[Records from a collection]
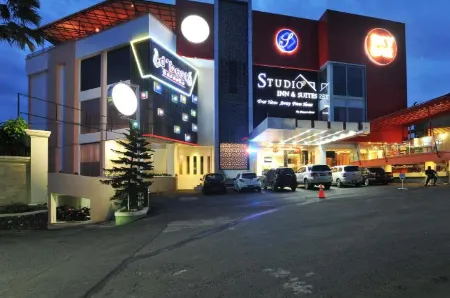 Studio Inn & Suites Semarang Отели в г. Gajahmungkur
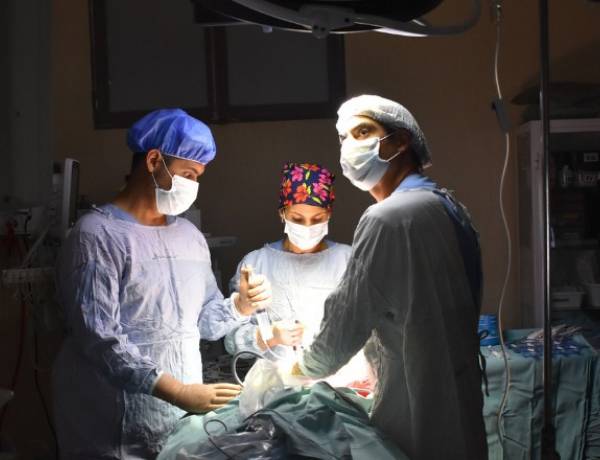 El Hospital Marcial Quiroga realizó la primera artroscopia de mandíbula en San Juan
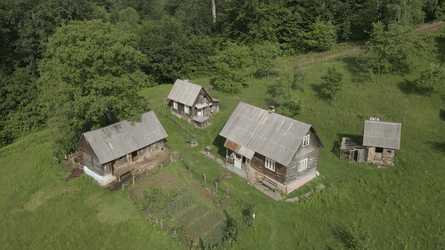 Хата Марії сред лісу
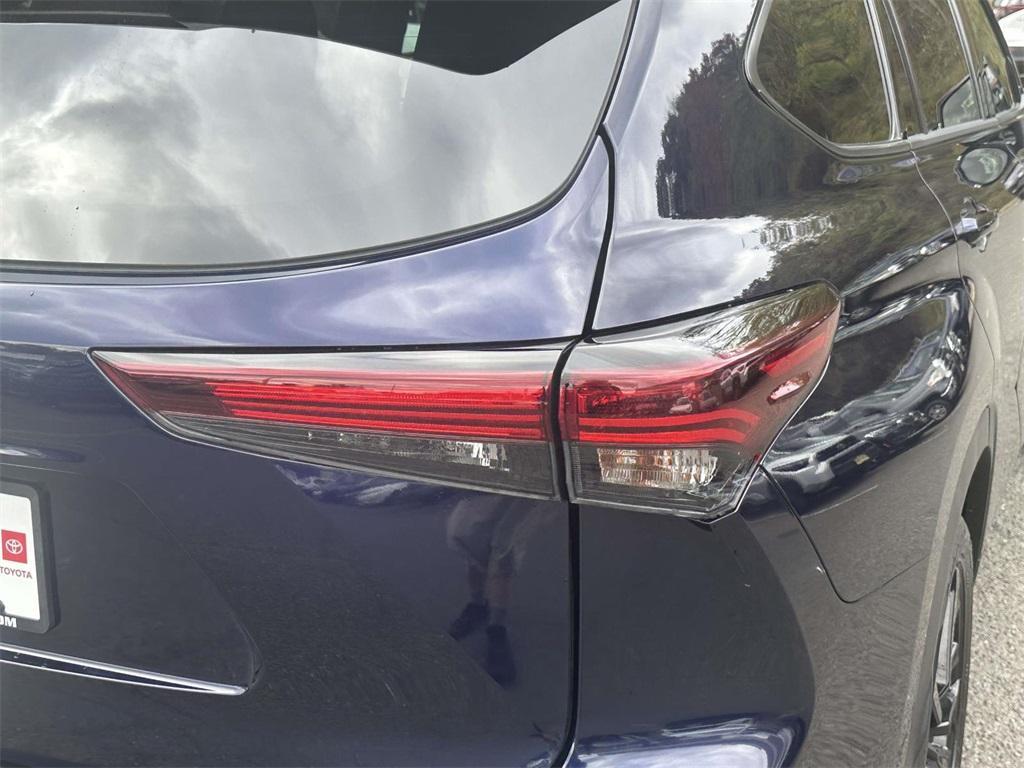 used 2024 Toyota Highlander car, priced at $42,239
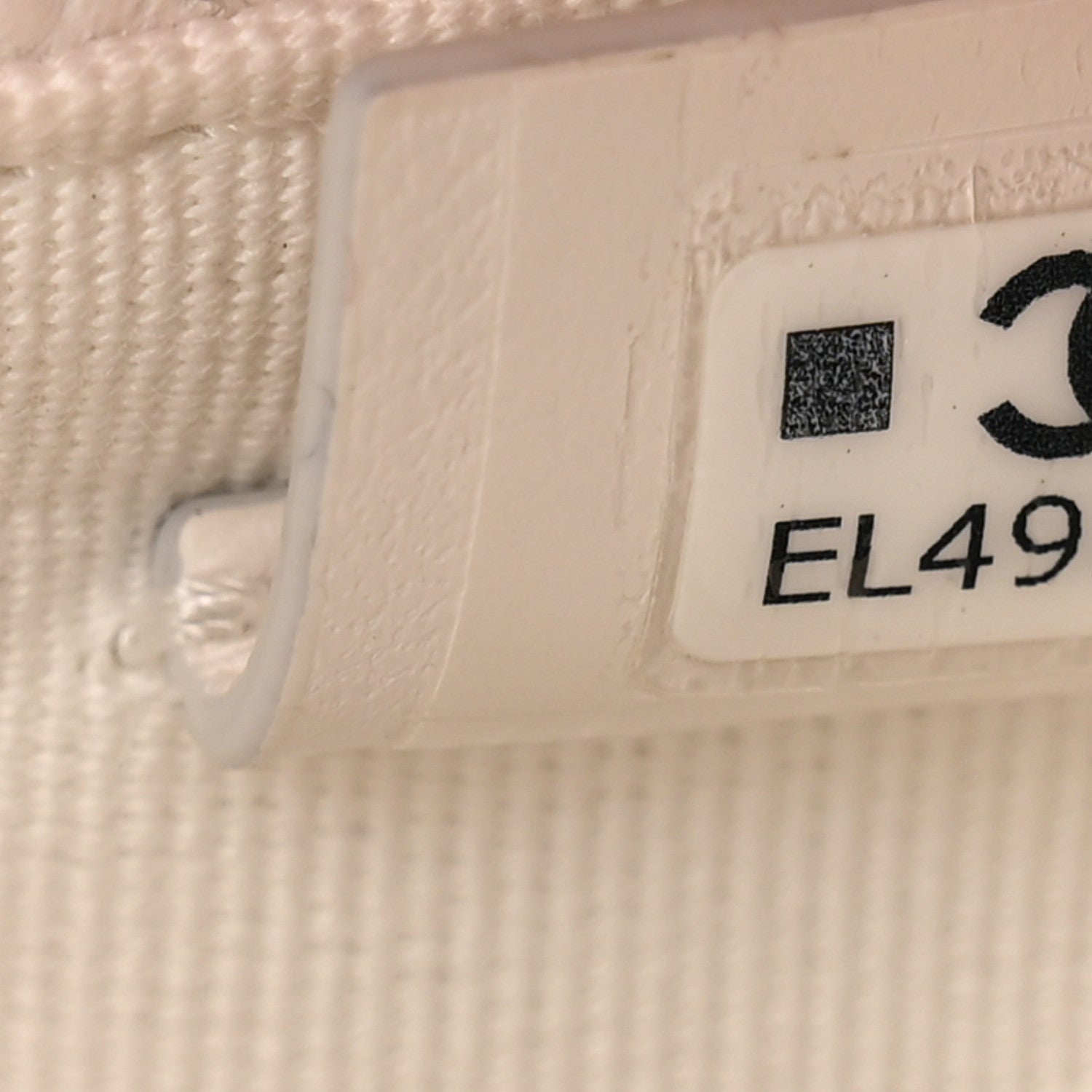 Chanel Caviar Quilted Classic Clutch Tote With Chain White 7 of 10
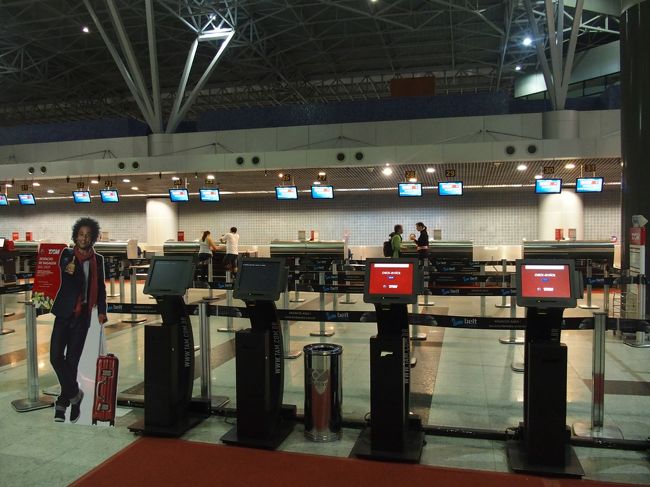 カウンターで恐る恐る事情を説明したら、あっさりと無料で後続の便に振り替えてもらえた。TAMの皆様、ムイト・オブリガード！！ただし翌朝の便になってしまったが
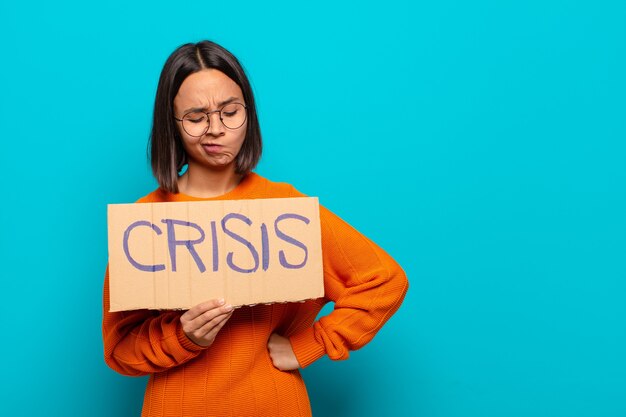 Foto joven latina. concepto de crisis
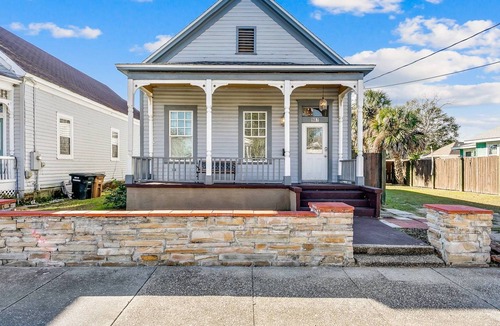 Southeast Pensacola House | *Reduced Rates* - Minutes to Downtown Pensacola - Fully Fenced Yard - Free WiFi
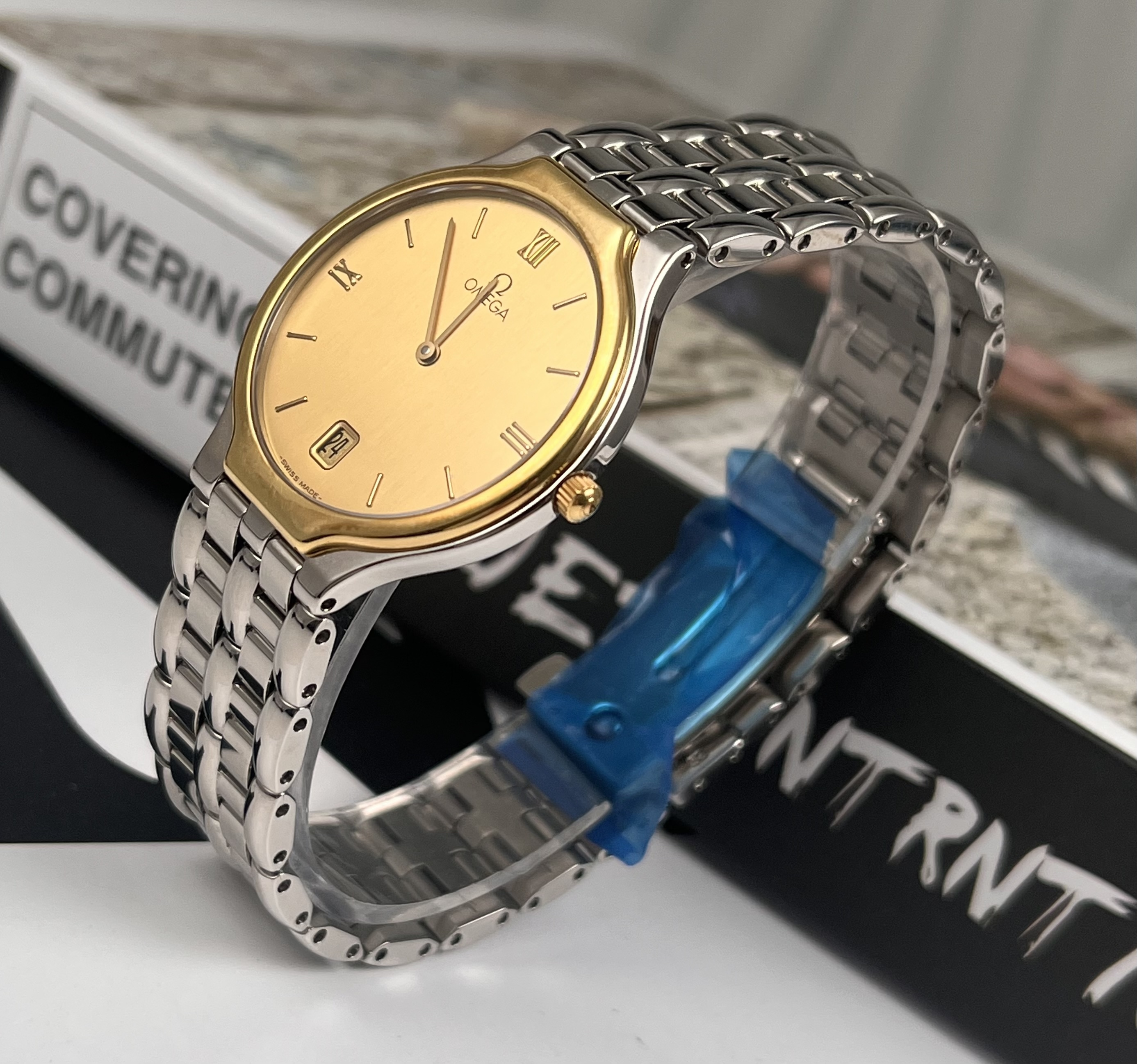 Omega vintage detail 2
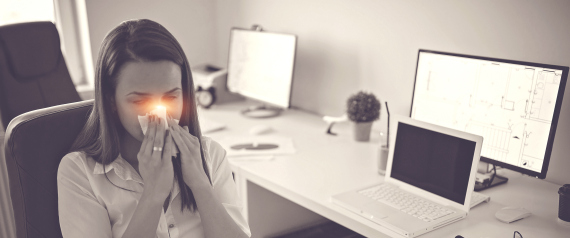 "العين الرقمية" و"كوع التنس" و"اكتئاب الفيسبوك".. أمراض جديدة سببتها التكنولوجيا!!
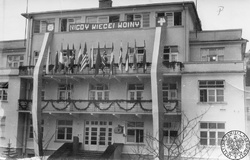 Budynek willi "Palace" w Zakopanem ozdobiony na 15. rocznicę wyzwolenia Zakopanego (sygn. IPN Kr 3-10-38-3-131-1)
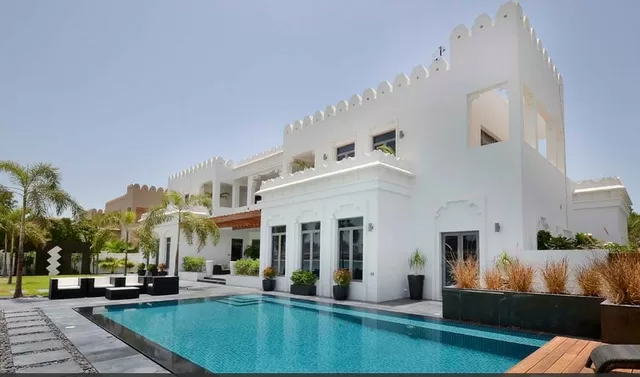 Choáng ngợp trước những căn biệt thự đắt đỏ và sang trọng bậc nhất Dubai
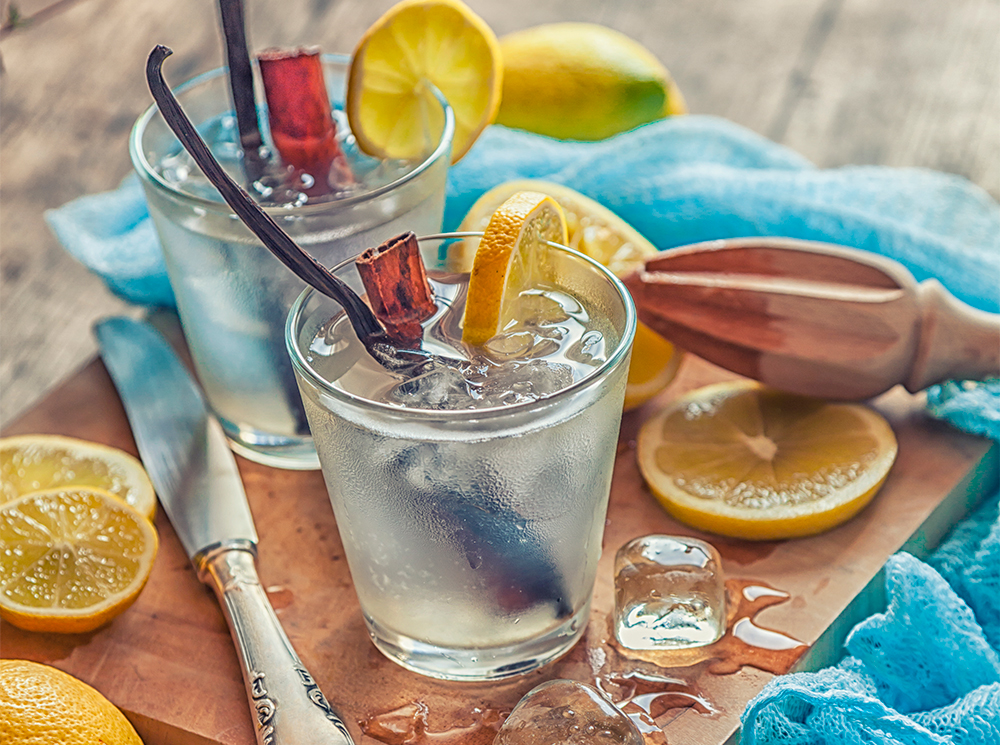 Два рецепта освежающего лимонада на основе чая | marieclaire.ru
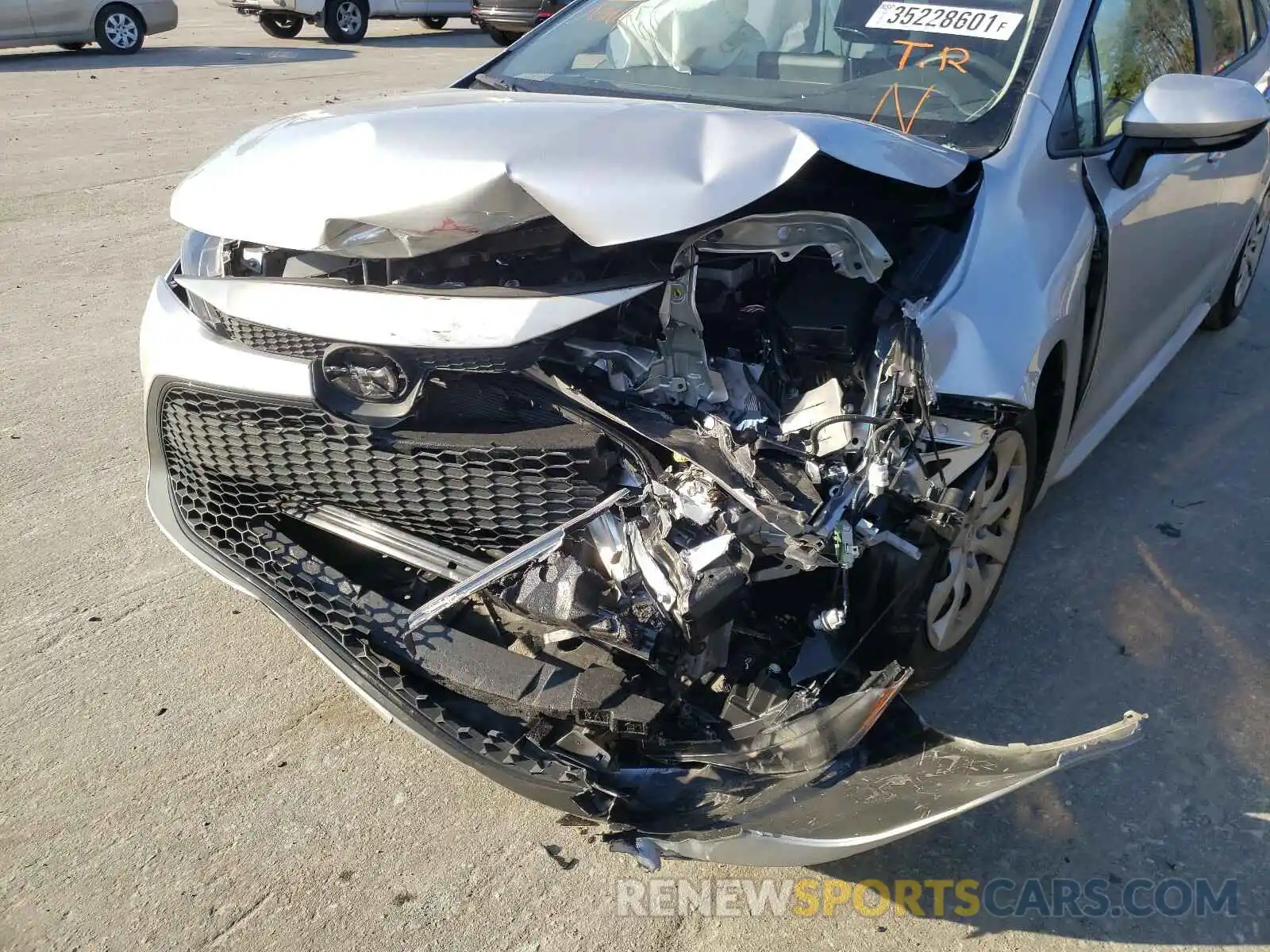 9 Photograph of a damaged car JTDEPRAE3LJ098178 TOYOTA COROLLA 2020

TASK REQUIREMENTS: Repeat only what lies between the start of the data and the end of the line containing "Foto joven latina. concepto de crisis", exactly, with pictures left out.

RESULT FOR THIS EXERCISE:
 Studio Inn & Suites Semarang Отели в г. Gajahmungkur
 El Hospital Marcial Quiroga realizó la primera artroscopia de mandíbula en San Juan
 Хата Марії сред лісу
 used 2024 Toyota Highlander car, priced at $42,239
 Chanel Caviar Quilted Classic Clutch Tote With Chain White 7 of 10
 カウンターで恐る恐る事情を説明したら、あっさりと無料で後続の便に振り替えてもらえた。TAMの皆様、ムイト・オブリガード！！ただし翌朝の便になってしまったが
 Foto joven latina. concepto de crisis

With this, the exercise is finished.